What's Cool In Road Cycling

Caribbean PEZ: Argentina’s Sebastian Donadio

In a sport where interesting characters are thinner on the ground that they used to be, Argentina’s Sebastian Donadio is an exception to the rule: lawyer, road man, six day rider, singer and head of a school for cyclists. PEZ had a word with Seb on a sticky evening at Palo Seco Velodrome in Southern Trinidad during the recent Beacon Cycling Festival.

PEZ: Tell us about the cycling school, Seb.
It started 14 years ago, it wasn’t planned. At first it was just me training a friend, he spoke to friends of his, they spoke to theirs and I started with 10 guys. I was just finishing qualifying as a lawyer – that took me 11 years because I was training and racing all through it.

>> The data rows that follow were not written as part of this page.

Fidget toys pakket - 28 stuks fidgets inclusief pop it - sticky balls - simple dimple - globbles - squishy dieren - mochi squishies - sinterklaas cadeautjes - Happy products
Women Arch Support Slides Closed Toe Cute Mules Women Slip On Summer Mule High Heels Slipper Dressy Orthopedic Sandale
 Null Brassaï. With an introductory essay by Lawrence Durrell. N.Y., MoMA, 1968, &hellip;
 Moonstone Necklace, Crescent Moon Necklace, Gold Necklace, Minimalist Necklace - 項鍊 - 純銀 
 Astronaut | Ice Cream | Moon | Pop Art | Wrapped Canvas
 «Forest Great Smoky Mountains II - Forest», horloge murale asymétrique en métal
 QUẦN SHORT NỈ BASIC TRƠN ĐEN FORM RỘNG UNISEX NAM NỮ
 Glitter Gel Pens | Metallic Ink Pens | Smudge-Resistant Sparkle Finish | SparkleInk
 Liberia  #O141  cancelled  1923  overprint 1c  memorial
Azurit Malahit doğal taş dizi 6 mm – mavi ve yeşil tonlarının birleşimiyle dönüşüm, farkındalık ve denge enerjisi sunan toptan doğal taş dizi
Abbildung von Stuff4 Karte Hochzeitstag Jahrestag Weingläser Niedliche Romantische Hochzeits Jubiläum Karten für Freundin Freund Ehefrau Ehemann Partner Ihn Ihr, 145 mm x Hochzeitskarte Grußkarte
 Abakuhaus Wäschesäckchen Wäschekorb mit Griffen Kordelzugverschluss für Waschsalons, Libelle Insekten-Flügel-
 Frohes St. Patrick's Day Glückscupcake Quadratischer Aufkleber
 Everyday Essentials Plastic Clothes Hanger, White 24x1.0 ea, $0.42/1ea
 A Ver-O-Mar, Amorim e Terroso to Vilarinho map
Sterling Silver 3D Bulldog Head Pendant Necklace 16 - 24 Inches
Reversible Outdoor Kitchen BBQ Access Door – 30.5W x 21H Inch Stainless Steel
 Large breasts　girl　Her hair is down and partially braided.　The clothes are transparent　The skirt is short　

Now we average between 90 to 100 students, we have five teachers, the youngest student is nine and the oldest 67.

It is a private school, everyone must pay, it’s a private school with no state assistance.

PEZ: How is cycling in Argentina?
Argentina is huge, the size of maybe 15 European countries, 3000 kilometres long, 1000 kilometres wide.

The strength of cycling varies according to the area; it’s most popular in the San Juan area. But the Tour of San Luis (won in 2010 by Nibali of Liquigas) is very well organised; that area is into sport and promoting itself, it might as well be a different country from the rest of Argentina.

In general though, it’s not a big sport.

PEZ: How did your trips to Trinidad come about?
Five years ago I heard from the organiser, Michael Phillips – we had ridden together at the junior track Worlds in Middlesborough, England in 1990 but he didn’t realise I was still racing until he saw my name in the results for the World Cup at LA in 2005. He invited me to come and race – I did and return each year.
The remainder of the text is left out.